Indeed, the real work was done for iOS. I'm just piggy-backing.

Update:

`intel-intrinsics` now passes unittests on AArch64. There are about 20 intrinsics that will need further optimization, for example _mm_cvtps_epi32() or _mm_avg_epi16(). Thanks to LLVM a lot of intrinsics written for x86 are already optimal on ARM.
October 25, 2020
On Sunday, 13 September 2020 at 19:51:14 UTC, Guillaume Piolat wrote:
>
> I'd like to post here to get you in touch with the future support of macOS Big Sur.

Update on Big Sur support:

- LDC 1.024 has been released with experimental support for targeting macOS on 64-bit ARM (https://forum.dlang.org/post/gsmunhwpulpwjphnuoed@forum.dlang.org).
  On Big Sur, a lot of things work such as building programs with `-mtriple=arm64-apple-macos`, building Universal Binaries with lipo, Obj-C bindings...
   Future work include identifying the remaining ABI problems.

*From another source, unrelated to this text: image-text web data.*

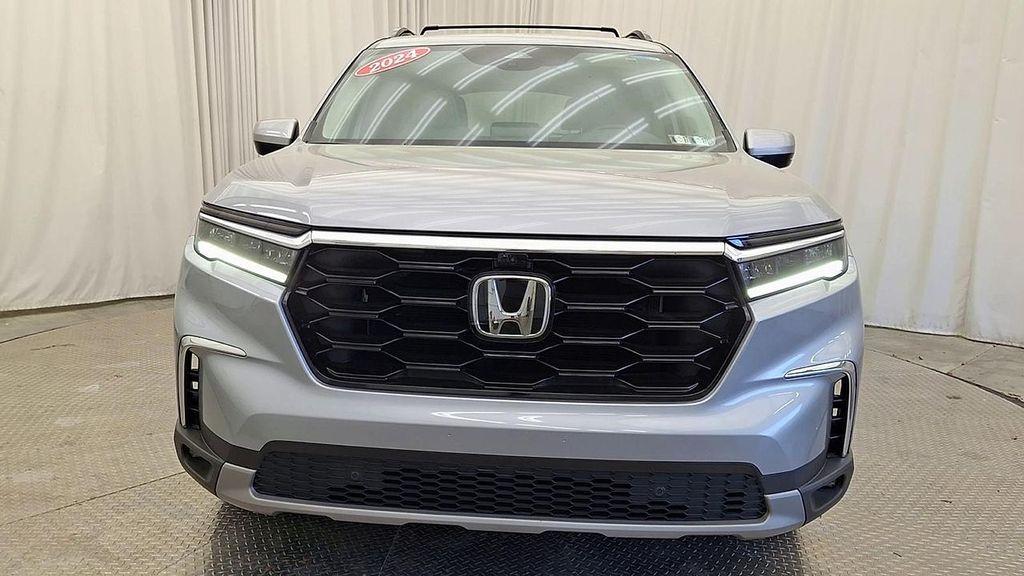 used 2024 Honda Pilot car, priced at $47,485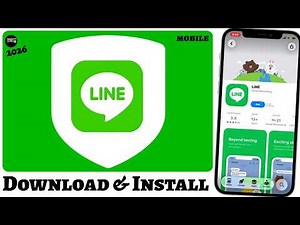 Install LINE on iPhone Easily – Beginner Tutorial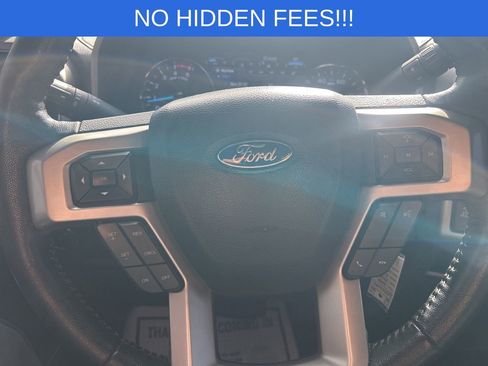 Used 2020 Ford F350 Lariat w/ Camper Package image 37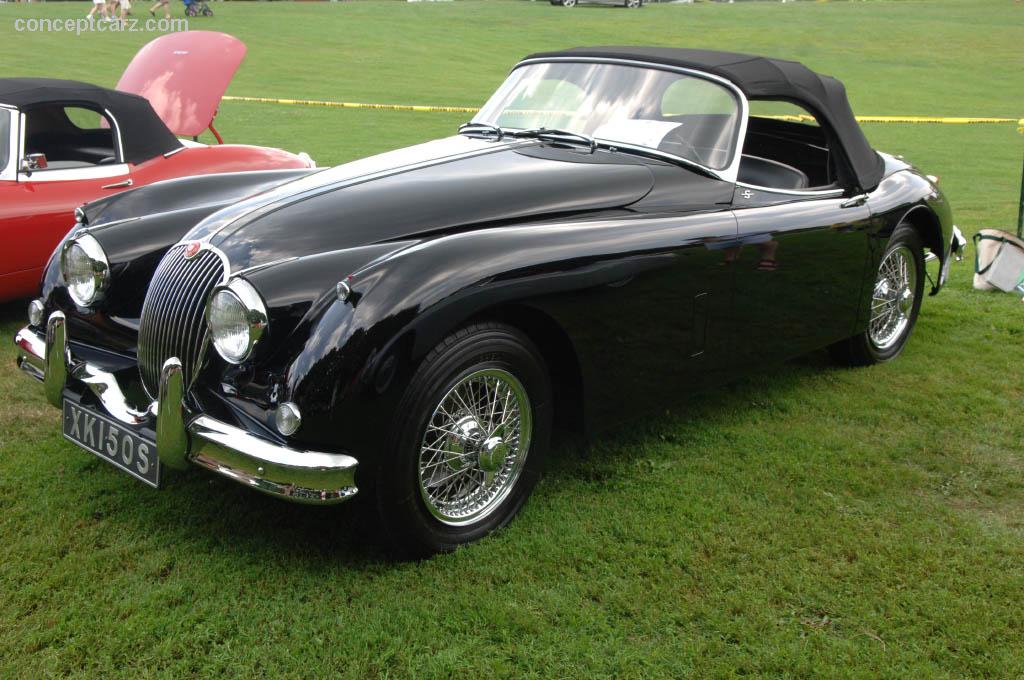 1959 Jaguar XK150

- `intel-intrinsics` when used with LDC will produce optimized code for arm64 (Big Sur), and working but slow code for ARM32 (Raspberry Pi). The Pi being a side-product from supporting ARM64. Updated table in: https://github.com/AuburnSounds/intel-intrinsics
   There IS some impedance mismatch between SSE and Neon at times. ARM is really quite a different beast.